On September 2, 1864, Sherman's troops captured the city, and the remaining residents (about 3,500 people, according to one estimate) were ordered to evacuate.A second large war-related industry and producer was the Quartermaster Depot, which operated a shoe factory, a tannery, and a clothing depot that employed more than 3,000 seamstresses.These industries and the employment opportunities associated with them swelled Atlanta's population from 9,000 people in 1860 to some 22,000 four years made Atlanta a strategically important town for the Confederacy also made it a tempting target for Union armies, and in the summer of 1864 General William T.In 1837 engineers for the Western and Atlantic Railroad (a state-sponsored project) staked out a point on a ridge about seven miles east of the Chattahoochee River as the southern end of a rail line they planned to build south from Chattanooga, Tennessee.The town that emerged around this zero milepost was called Terminus, which literally means "end of the line." Had this remained the town's only rail connection, Atlanta might well have stayed a small, end-of-the-line frontier town.Antebellum Atlanta was a city led by merchants and railroad men, not planters, and as sectional differences mounted, businessmen and voters in the city tended to oppose secession, often on economic grounds.

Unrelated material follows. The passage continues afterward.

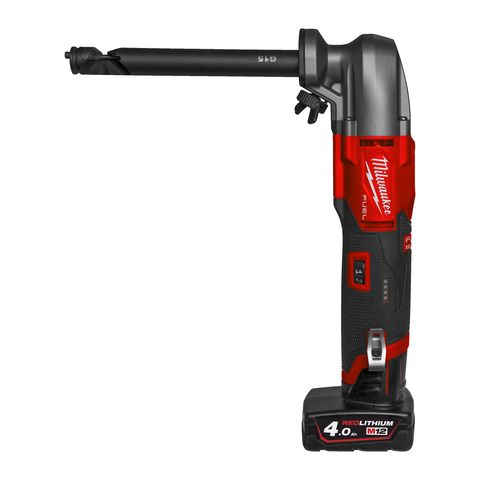 Milwaukee M12FNB16-402X EU Akku-Knabber<br>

In the presidential election of 1860, the majority of voters cast their ballots for Union candidates Stephen A. But when Georgia seceded in January 1861, Atlanta joined with the Confederacy and rapidly became a strategically important city for the Southern cause.
Two years later the city adopted a new name—Atlanta.

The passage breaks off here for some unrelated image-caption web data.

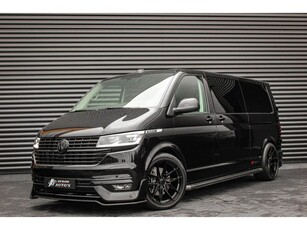 Volkswagen Transporter 2.0 TDI L2H1 204PK DIRECT RIJDEN /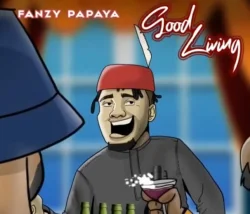 Fanzy Papaya - Good Living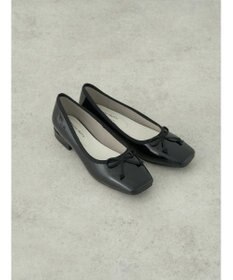 earth music&ecology ＯＲｉｅｎｔａｌＴＲａｆｆｉｃ　バレエパンプス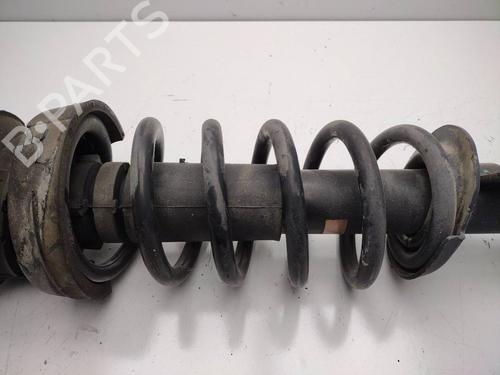 Right front shock absorber RENAULT TRAFIC II Platform/Chassis (EL) 2.0 dCi 115 (EL0H) | BP22210688M17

Supposedly a feminine version of the word Atlantic, the name was first used by John Edgar Thomson, chief engineer of the Georgia Railroad, to designate his railroad's local depot.
By 1846, however, two other railroad lines had converged with the Western and Atlantic in the center of town, connecting it to far-flung areas of the Southeast and spurring the city's growth.
In 1843 the name of the town was changed to Marthasville, in honor of the daughter of former governor Wilson Lumpkin, who had played a key role in bringing the railroad to the area.
During the Civil War Atlanta became a home front, a major producer of war materials, and an important regional transportation and distribution center.